In 1970 or so, I came across a set of three "Blueberry Hill" cookbooks written by a lady named Elsie Masterton. She quit her job as a secretary in New York and moved with her husband and small daughters to a ski inn in Vermont. She didn't know how to cook, the only food source was a small town grocery, and their first season there was no snow. She probably wrote the cookbooks--along with several other autobiographical books I've also read--to keep their heads above water. Unfortunately, Elsie died young of cancer, but one daughter carries on the family tradition as owner of a takeout shop/caterer in Asheville NC.

Elsie was the most creative cook I've ever seen, serving a seemingly endless variety with limited food availability. Her breezy personal writing style became my ideal. Some cooks/writers who were similar in style (if only sometimes) were the late, great Bert Green, Cecily Brownstone, Helen Corbitt and Poppy Cannon.

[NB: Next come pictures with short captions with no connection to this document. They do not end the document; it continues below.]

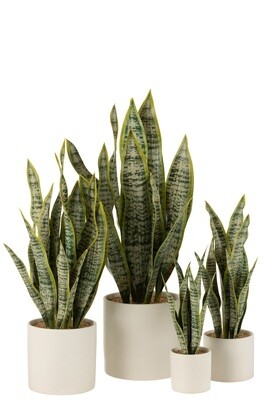 Plant Sansevieria In Pot Pvc Green Extra Large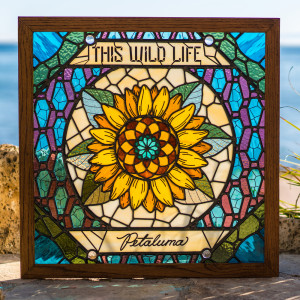 This Wild Life的专辑Petaluma (Explicit)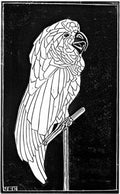 parrot mc escher 1919 A4 Photo Print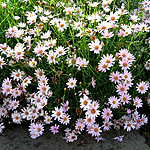 argyranthemum - petit pink - Argyranthemum, Marguerite - 2nd Image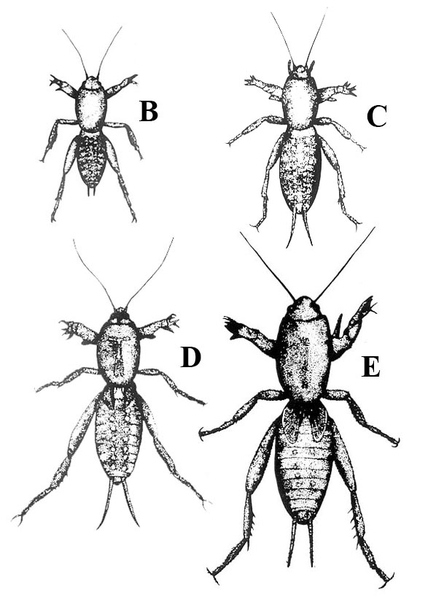 Four wingless nymphs, each progressively larger. Smallest labeled B. Largest labeled E. Black and white art.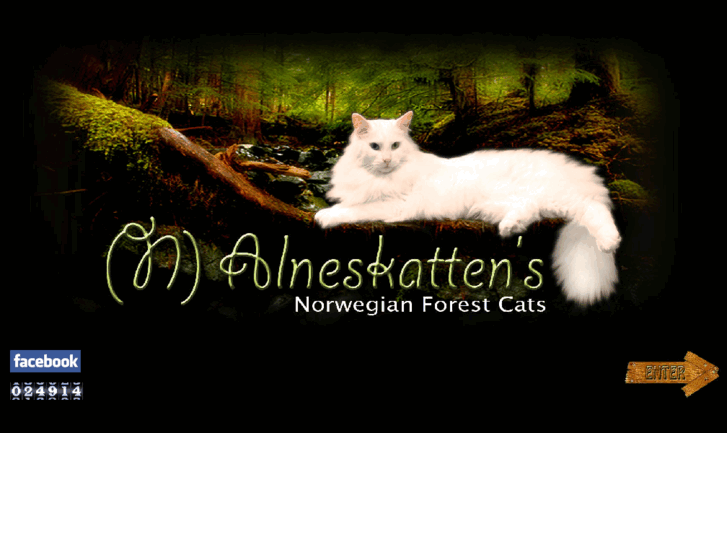 www.alneskatten.com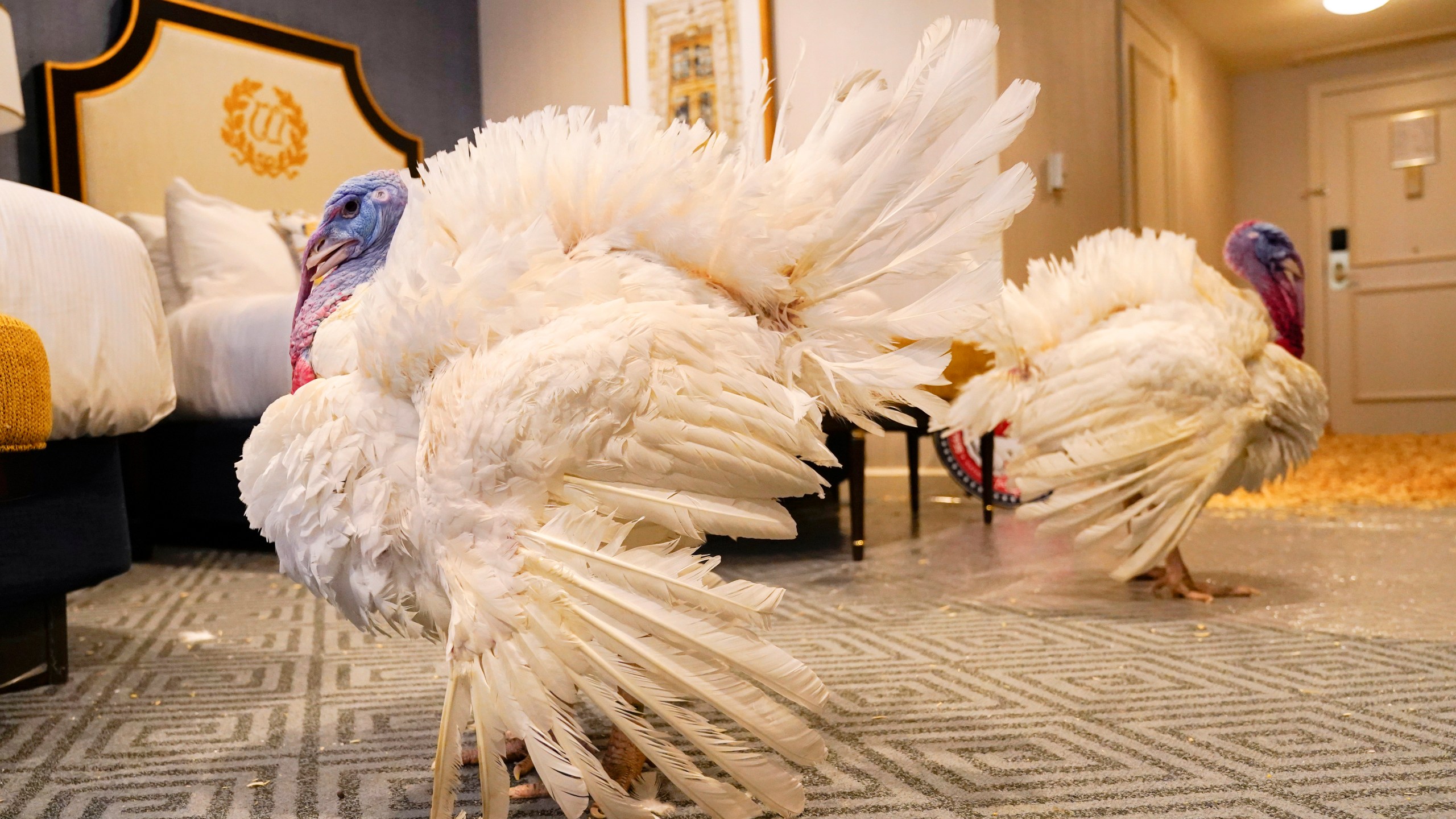 Two turkeys, named Liberty and Bell, who will attend the annual presidential pardon at the White House ahead of Thanksgiving, enjoy their hotel room, Sunday, Nov. 19, 2023, at the Willard InterContinental Hotel in Washington. (AP Photo/Jacquelyn Martin)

I admire Ann Hodgman's "Beat This!" and "Beat That!" for her sassy attitude, Jane and Michael Stern for writing about food most likely to be snubbed by the NYTimes, and Sarah Leah Chase's cookbooks (she was the third writer on "The Silver Palate Cookbook").

Most chef and restaurant cookbooks are a total bore, although I own a few of them, always hoping for something better. I hate cookbooks where the author never mentions herself. Unless I get to know you and your preferences, how can I tell if I'd like your recipes? For example, if you tout egg white omelets, use lots of hot peppers in your foods or are a fish lover, I probably won't care much for your recipes and won't care what you have to say, no matter how clever you are.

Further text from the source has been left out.